Is this the file size or the after load footprint size?

MSVC may be relying on code in DLLs, ICL may be inlining code. Example: MSVC may be calling a DLL to perform memcpy whereas ICL may be performing an optimized memory copy loop inline.

Note, you have /Oi set to enable inline of intrinsic functions.

If size is more important than speed, use /O1 and not the other /O... options

On the other hand, what does an extra 20MB mean for a system with a HD of 1,000,000MB or there about.

Jim Dempsey

meldaproduction · ‎04-01-2015

It is the size of the executable (DLL, in my case). It is NOT dependent on any other DLLs, I made sure of that.

I understand the causes of inlining and stuff, but I wonder if there isn't something I forgot. After all I'm using inlining for MSVC as well, as well as intrinsics, basically the whole code is exactly same. In fact I even use the MS specific __forceinline keyword. So I wonder if ICC didn't leave something behind in the executable - say list of symbols or anything.

jimdempseyatthecove · ‎04-01-2015

Produce a map file for both. Check the sizes of the usual segments (.text, .data, .bss).

What does that tell you?

Jim Dempsey

meldaproduction · ‎04-01-2015

Ok thanks, how can I do that?

TimP · ‎04-01-2015

If you were serious about reducing code size, you wouldn't be setting dual code path options such as QxAVX. You simply can't compare code size of a build where you asked for a single path (the only option available for msvc++). If you set /arch:AVX for one, you should set the same for both. If you request both SSE2 and AVX code paths, you must expect a doubling of size for all vectorized code and libraries.

Vectorized loops can account for much of the code expansion you mention. If you want the performance gains of vectorization (as well as in-lining) without increased .dll size, you must determine which parts of your code are benefiting from these optimizations and disable them elsewhere.

If you are concerned about measuring performance implication of larger code, you will need to collect events such as those related to I-cache. It seems unusual that I-cache events could account for as much as 4% of run-time on signal processing or HPC applications, even when no effort is made to control it.

meldaproduction · ‎04-01-2015

Thanks for the info. Here's the problem - I of course thought about the dual paths - the QxAVX increased the size of the executable by about 2MB, which is like 5% and that's indeed irrelevant. Anyway I'll take your advice and won't be bothered by this. I just hope there really isn't a huge pile of some completely rendundant data in the executable.
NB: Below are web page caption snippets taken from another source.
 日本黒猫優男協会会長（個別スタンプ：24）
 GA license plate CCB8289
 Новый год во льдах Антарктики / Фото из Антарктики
KitturGanesh · ‎04-01-2015

Hi,
Jim/Tim already responded nicely on your question. The link below should give you more insight as well:

https://software.intel.com/en-us/articles/how-to-compile-for-intel-avx/

_Kittur

JenniferJ · ‎04-01-2015

/Qipo might help with dead-code elimination, but compiler will also do more aggressive inlining too.

are you able to get the map file created? Use "/map" option at the linker.

is there one single file that icl's is much bigger than cl's?

Jennifer

KitturGanesh · ‎04-01-2015

Additionally, a related link on code size optimization read at:

https://software.intel.com/sites/default/files/managed/f4/1d/code-size-optimization-using-icc.pdf

_Kittur

meldaproduction · ‎04-02-2015

I didn't try /map yet, but I tried limiting inline size and I got to the size of MSVC executables. But with that size it was almost 50% slower!! So well, inlining is probably the thing and is needed...